Task to complete: Your copy should repeat the data that follows exactly and contain no image.

The data:
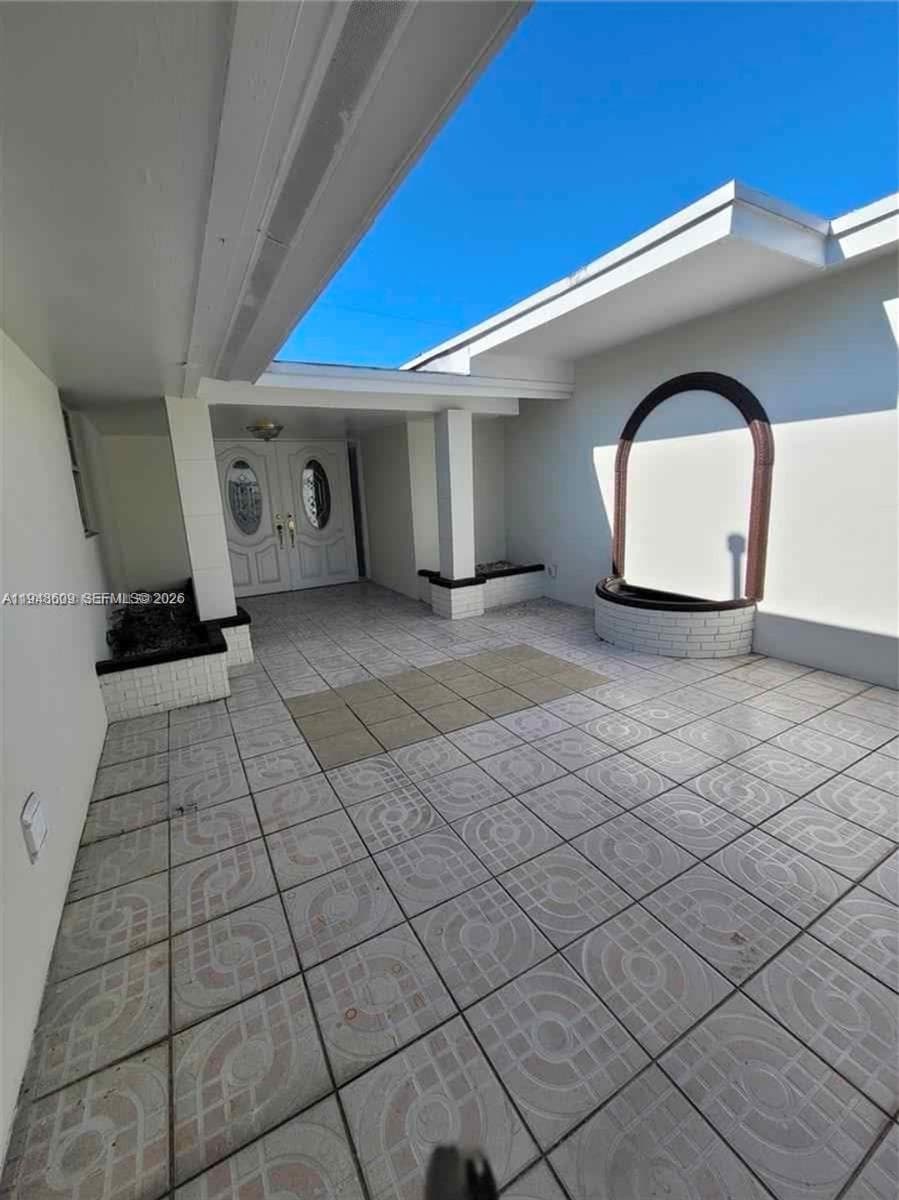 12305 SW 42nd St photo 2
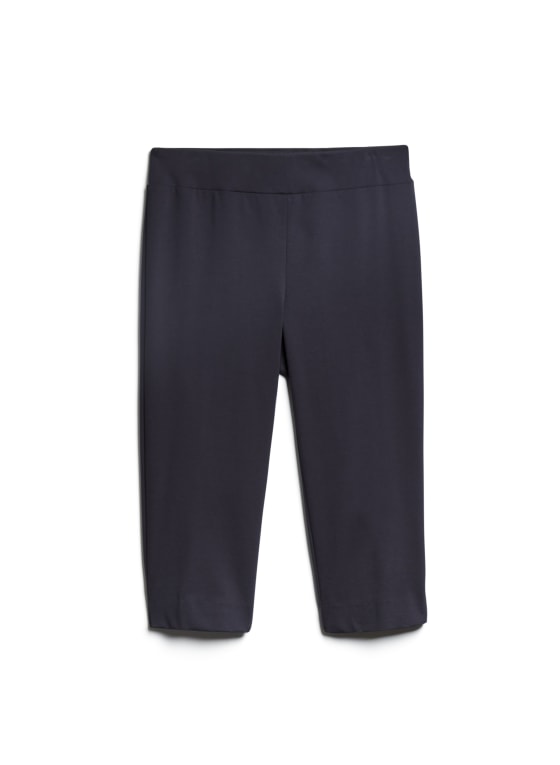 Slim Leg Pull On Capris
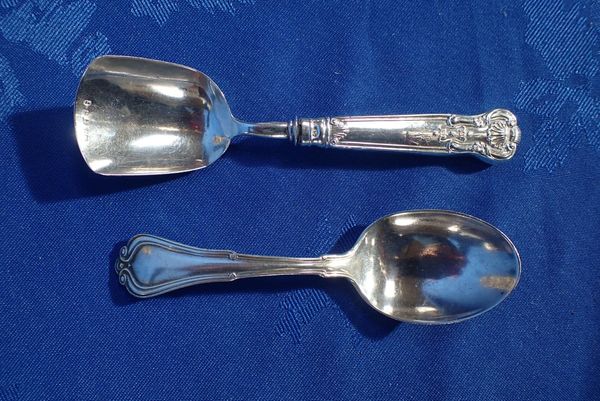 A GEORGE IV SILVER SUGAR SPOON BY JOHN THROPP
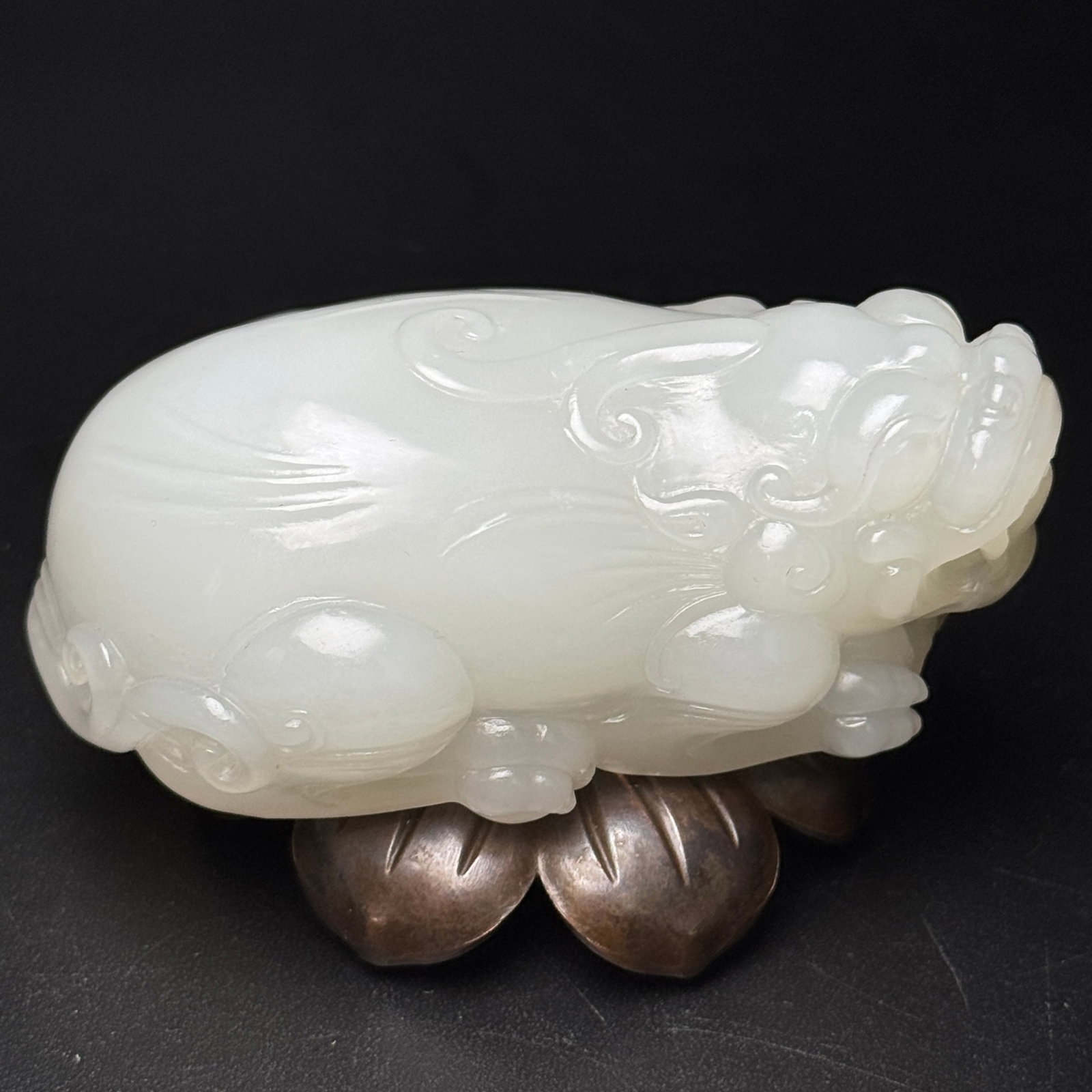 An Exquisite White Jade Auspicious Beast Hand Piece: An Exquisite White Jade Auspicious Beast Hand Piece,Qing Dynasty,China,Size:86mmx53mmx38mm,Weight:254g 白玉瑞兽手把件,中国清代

Response for this exercise:
 12305 SW 42nd St photo 2
 Slim Leg Pull On Capris
 A GEORGE IV SILVER SUGAR SPOON BY JOHN THROPP
 An Exquisite White Jade Auspicious Beast Hand Piece: An Exquisite White Jade Auspicious Beast Hand Piece,Qing Dynasty,China,Size:86mmx53mmx38mm,Weight:254g 白玉瑞兽手把件,中国清代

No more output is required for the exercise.